I am grateful my coworkers are like family and I have a great camaraderie among my colleagues and clients.  Truthfully, I don't even think much about going to work.  I am someone who actually enjoys getting up each morning to head to the office.  Because I am on a sort of auto-pilot with my career, it is easy for me to take my accomplishments fore granted.  It is all too easy to overlook the importance of what I do.  Now, I'm not rolling deep just yet.  Who knows if I ever will be.  But I take great pride and solace in knowing that the last 10 years of hard work have paid off at least in the sense of my professional reputation.  Sure, I'm not making the kind of money I would be if I'd finished that engineering degree.  At this point, I have realized I am okay with that. I have a decade of experience in a career I love.  More, I'm good at it.  Not many almost-30-somethings have reached the place I'm in.  And THAT, my dear friends makes my 20's seem just a little less wasted.

Thursday, February 9, 2012

Please do not poke the bear


It has been 2 whole weeks since my last post.  In fact, this is the longest I have gone without posting since beginning this blog.  And for that, I feel like crap.  I really do.

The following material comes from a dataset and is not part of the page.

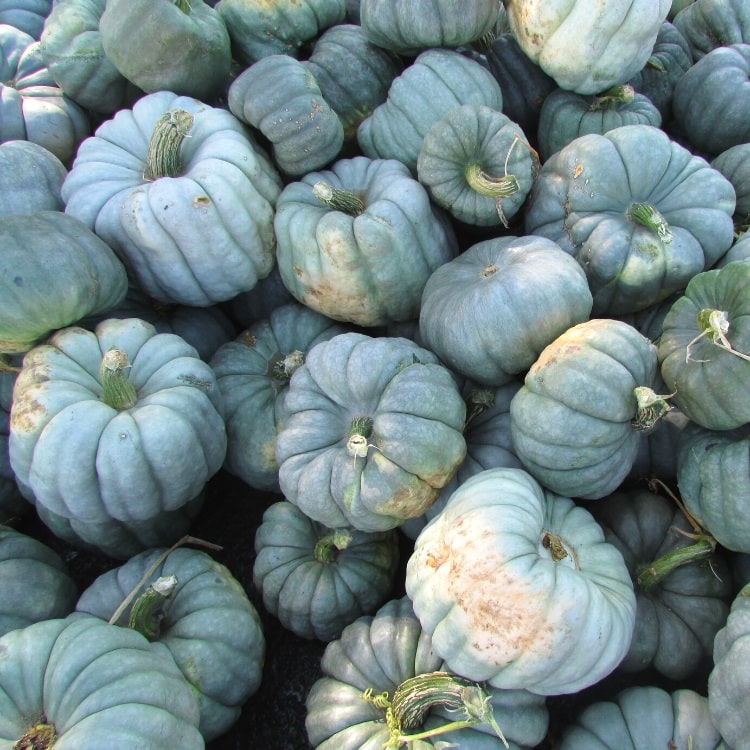 Blue Pumpkins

The fact is, I have been in a completely miserable and pathetic excuse for a human being since I got sick.  The scary part of Pneumonia was short lived, thanks to my Dr. and the amazing pills she prescribed.  But it's been quite some time since I have been able to NOT hack out a lung while inhaling the cold winter air of this climate.

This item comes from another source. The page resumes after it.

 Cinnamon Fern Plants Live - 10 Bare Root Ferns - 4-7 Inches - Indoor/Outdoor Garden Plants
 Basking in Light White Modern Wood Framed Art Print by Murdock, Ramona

I have not been able to attend yoga class. Sniffles aside, I actually feel well enough now, but reaching a yogic state while enduring the dirty looks of paranoid germaphobes in their Lululemon pants does not appeal to me.  I have only once joined my BFF Bodhi for a beer at our favorite spot.  I have (though gratefully) had an ass-load of work that has rendered me and my immune system exhausted.  Oh, and just when I thought I might actually try to hike this fluid out of my lungs, winter finally fucking decided to show up and covered all my favorite trails with two feet of snow.

Needless to say, I have been unable to do the things I love most.  The things that make me...me.  The one thing in my life that I have been able to stay somewhat consistent with is The Writer.  Aw...  Go ahead and vomit. He continues to show himself to be a very generous and kind man who just wants to see me smile and for that, I feel blessed.  However, I only said somewhat consistent.  In that I have been a royal bitch and pain in his ass.  I was all whiny, mopey, and demanding while I was sick. In turn, he was forgiving and even told me it was "kinda cute". Now that I'm not bedridden, I am restless.  Yet, snowstorms, sniffles and lung snot are beyond his control so he does his best by watching movies with me and calling AAA when my car gets stuck on the ice outside his apartment.

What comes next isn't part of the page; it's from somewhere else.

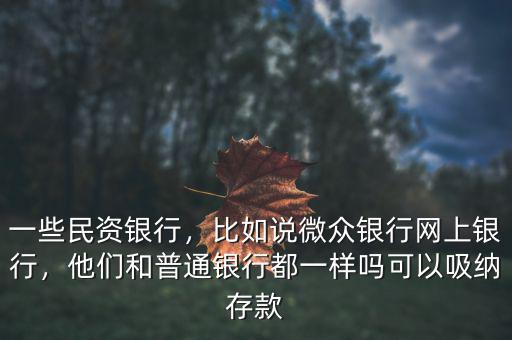一些民資銀行，比如說微眾銀行網(wǎng)上銀行，他們和普通銀行都一樣嗎可以吸納存款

Through my struggles with the past demons, I readily recognize this pattern.  When I am stripped of my personal pleasures, I tend to sabotage the only thing going right for me.  Whether that be a relationship, my work, or something else entirely.  In reality, I know I am just pissed off at the lack of my pleasurable activities.  A lack that leaves me less able to cope with other imperfect yet unimportant-ly imperfect things in life.  Without my anchors, something as uncontrollable as a snowstorm will toss me into a fit.  I am to the point that if I do not get to yoga class or finish a hike with a hoppy fermented beverage, I may be writing this blog from a padded room. I suppose I just feel a little down that I started this year with such high ambitions, vowing to not repeat old negative habits from my 20's, such as hating life below 40 degrees.  And here I am.  Cold, Vitamin D deficient, tired, and grumpy.

Just wanted to check in.  Perhaps the doom and gloom tone of this post will motivate me to come back at ya with something good.